#### ASSIGNED TASK:
Please restate, word for word, the lines below that begin at the one with "A wooden playhouse" and end at the one with "Un vaste espace". Leave out all other lines.

#### DATA EXTRACT:
◇ ◇ ◇ ◇

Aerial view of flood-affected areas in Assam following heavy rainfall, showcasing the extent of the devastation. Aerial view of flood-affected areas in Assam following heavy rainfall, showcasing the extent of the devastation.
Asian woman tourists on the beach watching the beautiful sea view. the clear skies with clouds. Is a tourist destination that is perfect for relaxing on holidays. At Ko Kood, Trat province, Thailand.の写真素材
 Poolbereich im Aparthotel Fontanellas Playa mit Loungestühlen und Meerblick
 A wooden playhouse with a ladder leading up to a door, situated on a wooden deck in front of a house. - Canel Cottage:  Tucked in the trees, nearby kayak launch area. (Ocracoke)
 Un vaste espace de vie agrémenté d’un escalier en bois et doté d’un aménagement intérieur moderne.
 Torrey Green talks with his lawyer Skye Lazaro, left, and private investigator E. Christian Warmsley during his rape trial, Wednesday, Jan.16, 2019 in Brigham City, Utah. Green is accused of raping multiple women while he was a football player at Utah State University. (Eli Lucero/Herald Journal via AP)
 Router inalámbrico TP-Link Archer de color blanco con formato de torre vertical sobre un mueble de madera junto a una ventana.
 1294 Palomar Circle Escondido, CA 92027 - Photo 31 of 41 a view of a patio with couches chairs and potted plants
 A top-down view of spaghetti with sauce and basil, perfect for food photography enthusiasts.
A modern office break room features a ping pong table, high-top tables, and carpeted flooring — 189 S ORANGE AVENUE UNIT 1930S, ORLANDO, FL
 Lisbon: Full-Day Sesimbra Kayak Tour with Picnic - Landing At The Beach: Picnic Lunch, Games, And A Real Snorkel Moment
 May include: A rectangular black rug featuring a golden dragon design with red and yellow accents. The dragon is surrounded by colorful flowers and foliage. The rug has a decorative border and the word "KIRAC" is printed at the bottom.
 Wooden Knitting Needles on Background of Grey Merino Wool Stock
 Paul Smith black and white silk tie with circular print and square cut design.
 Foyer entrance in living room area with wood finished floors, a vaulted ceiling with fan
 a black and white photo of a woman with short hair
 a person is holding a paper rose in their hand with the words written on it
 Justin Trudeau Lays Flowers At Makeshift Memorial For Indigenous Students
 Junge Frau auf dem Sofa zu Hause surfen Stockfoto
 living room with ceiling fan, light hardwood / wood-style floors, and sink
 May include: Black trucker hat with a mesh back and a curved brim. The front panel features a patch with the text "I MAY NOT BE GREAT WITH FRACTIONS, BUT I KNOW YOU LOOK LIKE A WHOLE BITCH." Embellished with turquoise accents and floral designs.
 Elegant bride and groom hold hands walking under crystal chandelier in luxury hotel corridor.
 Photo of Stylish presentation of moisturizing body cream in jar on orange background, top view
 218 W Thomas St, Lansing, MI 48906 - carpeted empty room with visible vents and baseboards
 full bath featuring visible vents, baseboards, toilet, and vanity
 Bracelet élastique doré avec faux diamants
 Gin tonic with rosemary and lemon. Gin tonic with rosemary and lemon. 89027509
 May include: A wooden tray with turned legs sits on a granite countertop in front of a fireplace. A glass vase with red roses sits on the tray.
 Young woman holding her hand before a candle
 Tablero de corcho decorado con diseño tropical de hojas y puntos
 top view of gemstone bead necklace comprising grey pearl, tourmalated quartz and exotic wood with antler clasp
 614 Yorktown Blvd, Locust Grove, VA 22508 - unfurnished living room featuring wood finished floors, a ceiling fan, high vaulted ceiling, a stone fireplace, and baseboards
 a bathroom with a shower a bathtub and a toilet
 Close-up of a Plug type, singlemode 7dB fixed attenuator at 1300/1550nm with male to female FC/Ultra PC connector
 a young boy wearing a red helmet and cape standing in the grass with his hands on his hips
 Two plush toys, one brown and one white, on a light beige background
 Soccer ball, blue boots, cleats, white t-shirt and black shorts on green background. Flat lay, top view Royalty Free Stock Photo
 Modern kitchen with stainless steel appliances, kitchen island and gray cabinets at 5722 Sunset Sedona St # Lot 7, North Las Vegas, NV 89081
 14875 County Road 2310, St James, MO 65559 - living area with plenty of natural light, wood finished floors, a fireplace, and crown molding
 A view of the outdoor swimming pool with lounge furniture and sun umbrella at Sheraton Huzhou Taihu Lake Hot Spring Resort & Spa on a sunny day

◇ ◇ ◇ ◇

#### RESPONSE AREA:
 A wooden playhouse with a ladder leading up to a door, situated on a wooden deck in front of a house. - Canel Cottage:  Tucked in the trees, nearby kayak launch area. (Ocracoke)
 Un vaste espace de vie agrémenté d’un escalier en bois et doté d’un aménagement intérieur moderne.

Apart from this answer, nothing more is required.